Option 1: add new cards to your existing GPU cracker

Budget estimate: a few hundred Euro

If you already have a GPU box you can simply add or swap cards. As stated above the CPU, memory and chipset will not hold you back. Simply add an HD7970 to your box. Or if you already went NVIDIA find yourself a nice GTX590 or a discounted GTX570.

My experience with combining AMD and NVIDIA cards in one box are pretty bad. You can expect issues at the driver level (does combining NVIDIA and AMD drivers sound like a good idea to you?) and with the password cracking tooling (you are pushing limits and may encounter bugs the creators never looked for).  Good luck with that.

Note that Bitweasil notes that he has success with mixing AMD and NVIDIA on Linux (see his tips in the comments). I have not tried it, but give the driver model of Linux I would not be surprised if it does work. My experience with mixing cards is on Windows 7, which has been far from trouble free.

Option 2: building a new tower model GPU cracker from scratch

Budget estimate: base system 1000 Euro + Euros for a maximum of 4 double sided GPU cards to add

If you don’t already have a GPU box you can simply build your own. The option explained here covers hardware needed for a ‘simple’ tower model PC stacked with GPU cards to the max. Current of the shelve main boards allow for a maximum of 8 PCI cards, which leaves for a maximum of 4 double sided GPU cards.

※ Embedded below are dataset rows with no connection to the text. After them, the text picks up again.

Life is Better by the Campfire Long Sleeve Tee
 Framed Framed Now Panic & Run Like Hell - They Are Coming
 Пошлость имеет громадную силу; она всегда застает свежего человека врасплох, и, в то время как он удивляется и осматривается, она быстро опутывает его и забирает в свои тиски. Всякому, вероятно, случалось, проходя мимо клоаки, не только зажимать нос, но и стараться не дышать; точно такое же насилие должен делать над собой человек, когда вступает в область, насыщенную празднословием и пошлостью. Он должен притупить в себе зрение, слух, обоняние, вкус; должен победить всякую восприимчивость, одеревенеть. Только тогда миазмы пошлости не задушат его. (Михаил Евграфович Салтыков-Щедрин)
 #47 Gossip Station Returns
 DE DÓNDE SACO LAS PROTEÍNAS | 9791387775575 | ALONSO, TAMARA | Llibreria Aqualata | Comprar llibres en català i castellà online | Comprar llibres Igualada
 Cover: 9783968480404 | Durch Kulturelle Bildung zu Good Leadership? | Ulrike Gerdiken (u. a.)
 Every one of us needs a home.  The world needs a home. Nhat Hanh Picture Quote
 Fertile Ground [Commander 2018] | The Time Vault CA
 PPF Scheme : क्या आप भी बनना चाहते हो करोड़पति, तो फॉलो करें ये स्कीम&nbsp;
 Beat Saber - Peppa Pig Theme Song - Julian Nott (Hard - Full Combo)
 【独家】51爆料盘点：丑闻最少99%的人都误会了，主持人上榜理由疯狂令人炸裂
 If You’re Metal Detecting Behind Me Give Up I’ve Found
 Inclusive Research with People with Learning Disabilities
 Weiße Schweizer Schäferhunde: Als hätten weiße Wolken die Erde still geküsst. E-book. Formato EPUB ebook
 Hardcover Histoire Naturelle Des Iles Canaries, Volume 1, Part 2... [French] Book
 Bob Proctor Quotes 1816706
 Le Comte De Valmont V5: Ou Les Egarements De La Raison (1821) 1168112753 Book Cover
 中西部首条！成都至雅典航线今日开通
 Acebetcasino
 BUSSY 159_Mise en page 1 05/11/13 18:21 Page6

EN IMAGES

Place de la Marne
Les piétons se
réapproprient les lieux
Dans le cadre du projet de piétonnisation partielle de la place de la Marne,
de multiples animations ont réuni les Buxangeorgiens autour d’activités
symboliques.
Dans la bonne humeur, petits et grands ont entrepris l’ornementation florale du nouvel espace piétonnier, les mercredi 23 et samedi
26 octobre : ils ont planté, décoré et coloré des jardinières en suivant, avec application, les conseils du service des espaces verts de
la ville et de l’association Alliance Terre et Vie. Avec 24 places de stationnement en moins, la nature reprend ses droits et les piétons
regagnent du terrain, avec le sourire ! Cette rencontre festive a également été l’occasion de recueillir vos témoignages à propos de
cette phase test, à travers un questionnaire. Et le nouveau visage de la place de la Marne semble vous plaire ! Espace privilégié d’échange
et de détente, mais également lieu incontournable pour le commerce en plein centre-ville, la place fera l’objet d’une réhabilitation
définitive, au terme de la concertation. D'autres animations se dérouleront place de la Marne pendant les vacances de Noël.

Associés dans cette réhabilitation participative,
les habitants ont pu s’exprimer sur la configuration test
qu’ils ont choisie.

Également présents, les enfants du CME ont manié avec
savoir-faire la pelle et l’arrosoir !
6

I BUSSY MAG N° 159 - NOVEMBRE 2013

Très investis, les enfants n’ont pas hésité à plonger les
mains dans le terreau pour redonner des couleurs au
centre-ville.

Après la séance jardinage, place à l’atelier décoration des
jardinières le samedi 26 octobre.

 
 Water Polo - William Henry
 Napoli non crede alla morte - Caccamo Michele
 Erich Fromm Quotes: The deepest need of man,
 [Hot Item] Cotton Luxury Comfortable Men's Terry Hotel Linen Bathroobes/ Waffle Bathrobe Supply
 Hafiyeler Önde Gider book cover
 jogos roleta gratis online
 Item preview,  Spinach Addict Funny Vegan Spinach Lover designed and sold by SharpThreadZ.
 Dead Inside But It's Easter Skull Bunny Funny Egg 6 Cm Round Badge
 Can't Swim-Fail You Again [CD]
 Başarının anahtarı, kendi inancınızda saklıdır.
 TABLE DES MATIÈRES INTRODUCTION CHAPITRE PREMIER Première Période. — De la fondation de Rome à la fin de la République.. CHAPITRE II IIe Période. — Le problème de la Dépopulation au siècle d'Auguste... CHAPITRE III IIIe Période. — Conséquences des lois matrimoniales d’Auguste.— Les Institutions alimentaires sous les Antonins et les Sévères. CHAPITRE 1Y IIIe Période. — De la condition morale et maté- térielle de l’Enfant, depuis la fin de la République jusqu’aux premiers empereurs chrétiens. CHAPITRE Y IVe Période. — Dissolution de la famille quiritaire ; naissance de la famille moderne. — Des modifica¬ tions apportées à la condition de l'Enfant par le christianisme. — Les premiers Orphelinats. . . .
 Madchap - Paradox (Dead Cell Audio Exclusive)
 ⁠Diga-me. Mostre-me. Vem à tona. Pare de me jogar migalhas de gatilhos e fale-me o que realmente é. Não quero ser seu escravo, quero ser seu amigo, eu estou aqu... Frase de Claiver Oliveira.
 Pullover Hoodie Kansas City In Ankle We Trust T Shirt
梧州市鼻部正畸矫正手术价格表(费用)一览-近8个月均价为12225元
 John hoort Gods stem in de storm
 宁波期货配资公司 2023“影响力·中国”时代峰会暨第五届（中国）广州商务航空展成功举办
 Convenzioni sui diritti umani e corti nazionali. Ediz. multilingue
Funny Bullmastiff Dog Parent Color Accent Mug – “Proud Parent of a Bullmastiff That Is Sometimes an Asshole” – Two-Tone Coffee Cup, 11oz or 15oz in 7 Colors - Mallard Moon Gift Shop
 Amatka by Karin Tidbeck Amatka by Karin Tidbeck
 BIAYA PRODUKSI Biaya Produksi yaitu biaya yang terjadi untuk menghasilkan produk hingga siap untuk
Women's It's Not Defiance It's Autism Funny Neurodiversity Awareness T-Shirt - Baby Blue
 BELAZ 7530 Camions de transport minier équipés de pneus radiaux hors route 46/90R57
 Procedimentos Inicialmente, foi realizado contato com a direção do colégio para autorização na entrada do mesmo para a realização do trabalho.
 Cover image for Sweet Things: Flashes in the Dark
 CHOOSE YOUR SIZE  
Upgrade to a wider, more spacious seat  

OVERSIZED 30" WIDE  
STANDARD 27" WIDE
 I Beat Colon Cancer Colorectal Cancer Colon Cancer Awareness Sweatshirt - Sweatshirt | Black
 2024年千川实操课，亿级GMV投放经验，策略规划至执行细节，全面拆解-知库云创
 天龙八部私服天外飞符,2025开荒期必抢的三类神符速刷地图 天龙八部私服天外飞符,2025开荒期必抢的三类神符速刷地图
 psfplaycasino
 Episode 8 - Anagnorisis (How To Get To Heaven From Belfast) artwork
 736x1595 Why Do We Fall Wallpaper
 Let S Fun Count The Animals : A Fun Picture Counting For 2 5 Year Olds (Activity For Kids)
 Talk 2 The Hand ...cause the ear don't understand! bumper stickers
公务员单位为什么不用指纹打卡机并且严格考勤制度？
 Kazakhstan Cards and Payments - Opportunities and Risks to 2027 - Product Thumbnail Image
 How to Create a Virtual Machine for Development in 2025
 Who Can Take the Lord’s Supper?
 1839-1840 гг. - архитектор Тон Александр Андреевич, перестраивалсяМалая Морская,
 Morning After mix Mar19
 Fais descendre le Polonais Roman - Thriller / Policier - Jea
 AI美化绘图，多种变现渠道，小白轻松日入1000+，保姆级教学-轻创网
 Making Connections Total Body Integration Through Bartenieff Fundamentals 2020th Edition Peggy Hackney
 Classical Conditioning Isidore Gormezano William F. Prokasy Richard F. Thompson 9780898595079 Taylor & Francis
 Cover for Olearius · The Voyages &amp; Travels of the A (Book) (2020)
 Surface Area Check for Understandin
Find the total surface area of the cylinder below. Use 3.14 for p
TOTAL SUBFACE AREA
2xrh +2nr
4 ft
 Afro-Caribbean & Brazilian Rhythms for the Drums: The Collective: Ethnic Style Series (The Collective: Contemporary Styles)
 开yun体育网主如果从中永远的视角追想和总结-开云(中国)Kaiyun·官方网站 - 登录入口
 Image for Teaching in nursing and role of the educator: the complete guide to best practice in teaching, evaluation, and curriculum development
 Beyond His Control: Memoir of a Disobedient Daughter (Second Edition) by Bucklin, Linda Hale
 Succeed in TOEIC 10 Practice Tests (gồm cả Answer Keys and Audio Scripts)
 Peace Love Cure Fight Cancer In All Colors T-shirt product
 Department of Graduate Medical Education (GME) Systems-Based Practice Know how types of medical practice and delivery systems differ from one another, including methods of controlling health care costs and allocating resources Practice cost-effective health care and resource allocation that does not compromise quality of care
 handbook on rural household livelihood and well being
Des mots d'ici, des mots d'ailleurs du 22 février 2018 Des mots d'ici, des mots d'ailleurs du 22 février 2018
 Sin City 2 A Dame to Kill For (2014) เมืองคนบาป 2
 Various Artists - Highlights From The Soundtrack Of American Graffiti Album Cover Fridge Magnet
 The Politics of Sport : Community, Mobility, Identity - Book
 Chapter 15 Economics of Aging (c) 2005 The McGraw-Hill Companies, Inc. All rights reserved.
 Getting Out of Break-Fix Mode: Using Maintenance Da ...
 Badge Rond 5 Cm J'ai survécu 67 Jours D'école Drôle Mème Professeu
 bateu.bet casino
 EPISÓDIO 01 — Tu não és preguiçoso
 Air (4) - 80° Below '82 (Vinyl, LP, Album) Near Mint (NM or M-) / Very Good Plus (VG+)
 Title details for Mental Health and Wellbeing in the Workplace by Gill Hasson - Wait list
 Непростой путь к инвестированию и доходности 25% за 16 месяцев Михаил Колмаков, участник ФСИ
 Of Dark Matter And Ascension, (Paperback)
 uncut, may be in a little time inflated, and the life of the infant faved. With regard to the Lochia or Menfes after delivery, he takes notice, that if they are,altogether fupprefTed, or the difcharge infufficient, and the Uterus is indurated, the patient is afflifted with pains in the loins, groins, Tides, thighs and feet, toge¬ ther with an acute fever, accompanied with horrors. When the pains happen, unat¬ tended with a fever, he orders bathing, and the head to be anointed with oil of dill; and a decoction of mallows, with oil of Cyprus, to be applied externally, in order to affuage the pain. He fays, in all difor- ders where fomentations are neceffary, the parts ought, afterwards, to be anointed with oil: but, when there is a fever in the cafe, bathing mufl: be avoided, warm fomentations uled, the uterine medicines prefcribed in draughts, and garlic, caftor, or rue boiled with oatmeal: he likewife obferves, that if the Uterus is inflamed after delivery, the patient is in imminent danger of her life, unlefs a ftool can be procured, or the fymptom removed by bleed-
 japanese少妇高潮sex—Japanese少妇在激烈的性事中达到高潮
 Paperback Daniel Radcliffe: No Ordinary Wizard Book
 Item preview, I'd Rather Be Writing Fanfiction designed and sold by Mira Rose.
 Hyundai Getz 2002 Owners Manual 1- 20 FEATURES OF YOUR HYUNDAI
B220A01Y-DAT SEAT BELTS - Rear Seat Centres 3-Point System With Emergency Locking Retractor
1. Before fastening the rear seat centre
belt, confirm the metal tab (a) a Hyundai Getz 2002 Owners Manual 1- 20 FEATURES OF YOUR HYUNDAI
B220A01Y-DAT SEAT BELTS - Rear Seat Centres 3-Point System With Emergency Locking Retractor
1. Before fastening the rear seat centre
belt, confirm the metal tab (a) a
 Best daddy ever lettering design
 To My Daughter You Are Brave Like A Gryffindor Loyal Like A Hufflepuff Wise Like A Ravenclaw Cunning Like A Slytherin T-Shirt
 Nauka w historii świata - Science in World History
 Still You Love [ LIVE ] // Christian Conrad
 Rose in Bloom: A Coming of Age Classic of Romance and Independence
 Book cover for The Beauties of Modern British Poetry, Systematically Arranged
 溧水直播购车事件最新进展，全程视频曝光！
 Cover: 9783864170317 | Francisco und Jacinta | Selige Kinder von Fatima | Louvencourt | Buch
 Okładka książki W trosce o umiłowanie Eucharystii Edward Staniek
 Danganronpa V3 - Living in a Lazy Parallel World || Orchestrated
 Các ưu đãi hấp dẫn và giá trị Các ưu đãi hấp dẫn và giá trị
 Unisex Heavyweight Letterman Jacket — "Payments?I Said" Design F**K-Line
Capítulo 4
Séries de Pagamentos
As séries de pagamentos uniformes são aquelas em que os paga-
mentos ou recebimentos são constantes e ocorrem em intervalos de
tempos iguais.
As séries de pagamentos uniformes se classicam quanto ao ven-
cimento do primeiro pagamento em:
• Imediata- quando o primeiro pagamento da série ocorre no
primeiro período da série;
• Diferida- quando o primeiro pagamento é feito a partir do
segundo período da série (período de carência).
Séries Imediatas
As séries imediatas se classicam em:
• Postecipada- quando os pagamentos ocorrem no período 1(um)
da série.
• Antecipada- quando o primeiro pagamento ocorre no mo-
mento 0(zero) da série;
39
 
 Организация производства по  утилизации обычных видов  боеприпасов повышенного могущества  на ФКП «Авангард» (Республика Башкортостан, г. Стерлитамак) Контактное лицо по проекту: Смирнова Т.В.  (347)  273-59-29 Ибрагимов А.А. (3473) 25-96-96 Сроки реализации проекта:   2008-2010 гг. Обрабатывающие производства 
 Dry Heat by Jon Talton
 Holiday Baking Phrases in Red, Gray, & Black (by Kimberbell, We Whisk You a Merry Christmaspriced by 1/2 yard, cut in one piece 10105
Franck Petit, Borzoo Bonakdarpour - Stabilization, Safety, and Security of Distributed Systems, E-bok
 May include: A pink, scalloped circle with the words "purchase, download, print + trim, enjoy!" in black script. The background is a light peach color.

As explained earlier you can go moderate on CPU, memory and chipset. Challenges here are to find main boards with as much as possible PCI slots but also the right tower model cases to have room for all the GPU cards and PSU’s. Cooling may also be an issue, although any big case allows for plenty fans to be positioned.

Main board options

  • Gigabyte GA-X79-UD3: uses the latest Intel socket 2011, is advertised to handle 4-way-SLI (which in our case is important as it will handle 4 double width GPU cards) and is advertised in NL for around Eur190. Also, as it has 2 PCIe1x slots, if you start using PCI risers you can add even more cards.
  • Gigabyte GA-990FXA-UD7: for AMD cpu’s. Not newest socket but has 6 PCIe slots in 16x size, one in PCIe1x size and a traditional PCI slot. Supposed to handle 4-way-SLI and advertised around Eur190.
  • Gigabyte GA-X79-UD7: basically the same as the Gigabyte X79-UD3 but this one doesn’t have any traditional PCI slots. With Eur300 it’s more expensive and I would only pick this one if you would go with PCI riser cards to fully use the extra slots. Also this main board requires a XL-ATX case (discussed later on).
  • Gigabyte GA-X58A-UD9: uses an older Intel socket but comes with 7 PCIe slots, all in PCIx16 size, but not 16x speed. Can handle 4-way-SLI Advertised around Eur400, but not sure if it is shipped anymore. It needs a XL-ATX case. I would only pick this one if you go PCI riser and choose GPU cards that don’t support a PCIe1x connector.
  • EVGA 270-WS-W555-A2: supports Intel 1366 socket (if you want to go Intel Xeon), has 7 PCIe slots and can cope 4-WAY-SLI. Advertised around $600, which I find expensive. But some prefer the ‘professional’ approach EVGA has on the main boards. Main reason for this one is the brand and if you want to use dual Xeon CPUs. For all cards to be filled you need a case that can hold 9 PCI cards. See below for a list.
  • MSI Big Bang MARSHAL B3: a bit older Intel socket (1155), but has 8 PCIe slots available, all in full size, reasonably priced at Eur340. However, can’t find it at many web shops so availability may be an issue.
  • MSI 890FXA-GD70: recommended by Bitweasil as he has good experience with it. Takes AMD cpu’s and takes 4 double sized GPU cards. I couldn’t find it anymore in NL web shops, but the last price it was know to go for was Eur180, which is pretty good.

Cases options

Main challenge with the case is size. Although not a real standard XL-ATX, Ultra ATX and HPTX are terms to look for. Some of the cases I found:

Cooling

Make sure to spend some effort on cooling. With that many GPU cards and PSUs you will need it. Any big case you buy allows for fans to be added. Make sure to use these.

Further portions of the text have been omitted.